Le programme solaire offre des avantages visibles par l’ensemble de la communauté : économies sur le prix du kérosène[1] et sur le prix du chargement des téléphones portables[2]. D’autre part, les risques pour la santé et la sécurité diminuent puisque le kérosène, hautement inflammable, n’est plus nécessaire. 

L’ingénieure en énergie solaire, Arafa Mwamba Halfani, de Chekeleni, après avoir installé un des panneaux solaires de 20 watt. Photo crédit: VSO/Ben Langdon.
L’ingénieure en énergie solaire, Arafa Mwamba Halfani, de Chekeleni, après avoir installé un des panneaux solaires de 20 watt. Photo crédit: VSO/Ben Langdon. 

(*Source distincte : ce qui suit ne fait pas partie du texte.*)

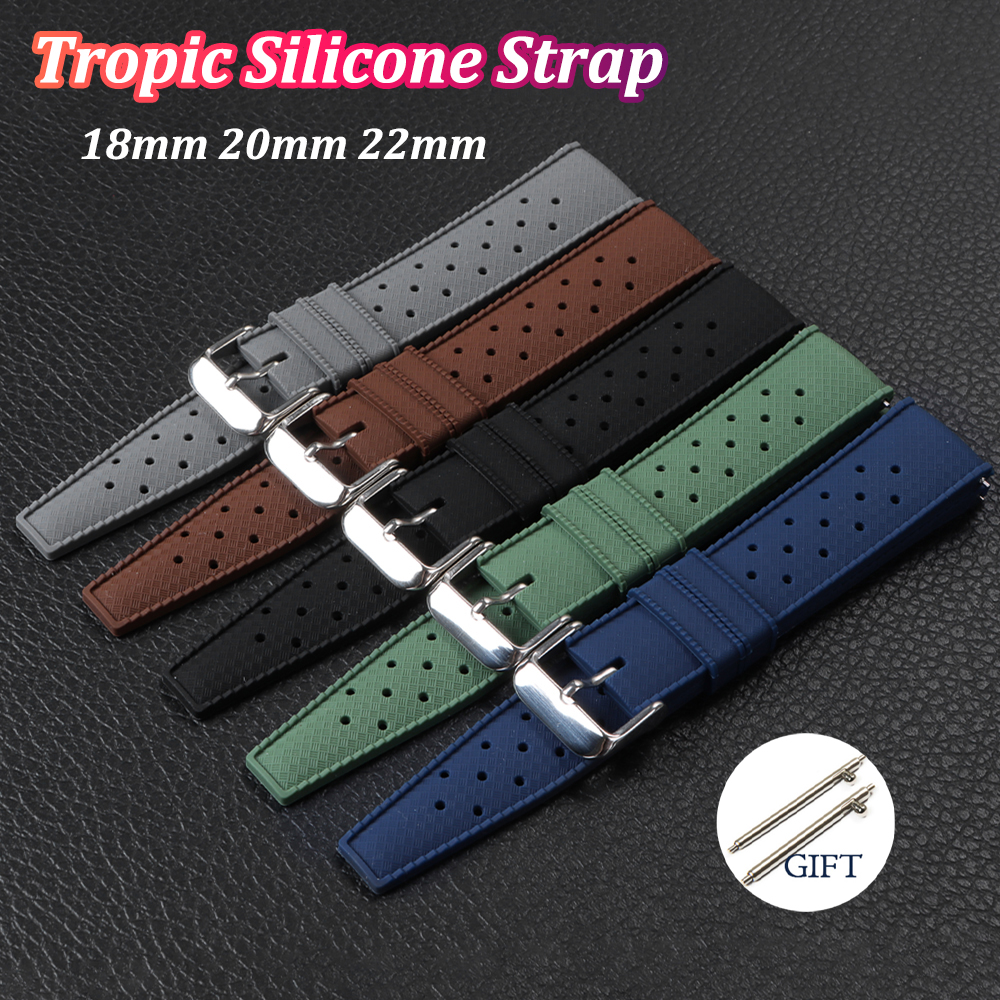 18mm 20mm 22mm Tropic Silicone - đánh giá và giá Fossil Smartwatch Accessories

L’ingénieure en énergie solaire Arafa Halfani, venue de Chekeleni, affirme qu’elle et ses collègues sont satisfaites des compétences qu’elles ont acquises et qu’elles souhaitent les mettre au profit des communautés qui les entourent.

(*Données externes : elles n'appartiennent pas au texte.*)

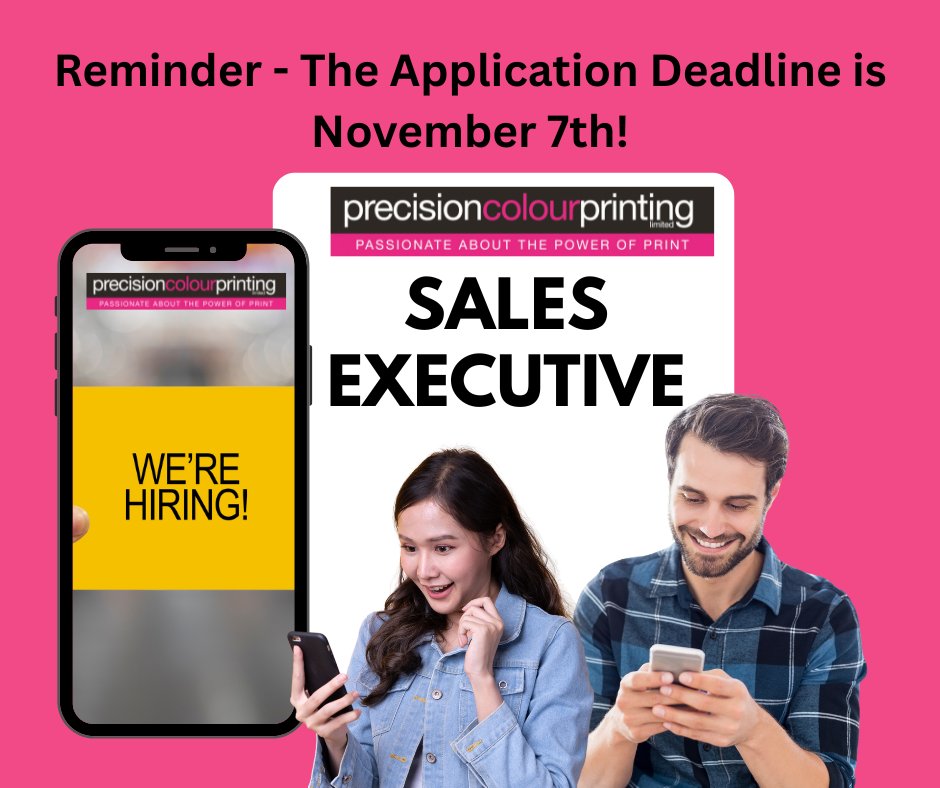 Reminder: Application Deadline is Nov 7, 2025!  

We're hiring a Sales Executive to drive success at PCP, a leader in printing solutions. Competitive pay, growth opportunities &amp; a chance to make an impact. 

Send your CV to Amy Rose at HR@pcpltd.net

#printing #SalesJobs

Un des effets secondaires du projet d’éclairage a été l’augmentation de la participation et de l’autonomisation des femmes au sein de la communauté. En effet, quatre des neuf membres des comités « Village Energie » sont des femmes et à Nitekela, le président du comité est également une femme. Cette formation en finance, leadership et gouvernance leur a permis de planifier et de mener efficacement leurs travaux sur le long terme.

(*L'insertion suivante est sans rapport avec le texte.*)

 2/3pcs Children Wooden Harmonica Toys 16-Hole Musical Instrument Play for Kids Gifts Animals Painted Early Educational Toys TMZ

Les trois « Village Energies » sont maintenant enregistrés comme des organisations communautaires, disposant de leurs propres comptes en banque. Ces femmes sont considérées comme des modèles.

Même les plus sceptiques ont changé d’avis. Dans un des villages, lors d’une première réunion où l’idée des ingénieures en énergie solaire a été présentée, l’un des aînés masculins de la communauté a émis des doutes quant à la capacité des femmes de faire ce travail. Quelques mois plus tard, il est venu voir ONU Femmes pour dire que les femmes ingénieures avaient installé un équipement dans sa maison et qu’elles avaient même réparé une panne. Il dit désormais jouir d’une meilleure vie grâce à la formation de ces femmes.

Les endroits convenablement éclairés offrent davantage de sécurité ; l’entrée de la plupart des maisons est éclairée à présent et ces lumières servent de lampadaire aux passants, permettant de réduire la violence, et notamment la violence à l’égard des femmes et des filles.

Signe du succès du programme, le Gouvernement indien a accepté de financer et de mettre en place un centre de formation en énergie solaire dans la ville de Mtwara en Tanzanie. Les six premières femmes formées au Barefoot College enseigneront les compétences qu’elles ont acquises en Inde à de nouveaux étudiants. L’inauguration de ce centre permettra au ministère du Développement communautaire d’étendre cette initiative à d’autres régions de Tanzanie.

Pour les « ingénieures en énergie solaire » comme Mariam et Arafa, l’énergie solaire leur a offert un nouveau départ, une place au sein de leur communauté et un avenir plus brillant.

Liens connexes :

Eclairer des vies: des femmes africaines sont formées à devenir des ingénieurs solaires « aux pieds nus »


[1]5000 shillings sont dépensés pour l’énergie solaire contre 6000 shillings mensuels pour le kérosène.
[2]Recharger un téléphone coûte 300 shillings sur le marché, et seulement 200 shillings grâce à l’énergie solaire.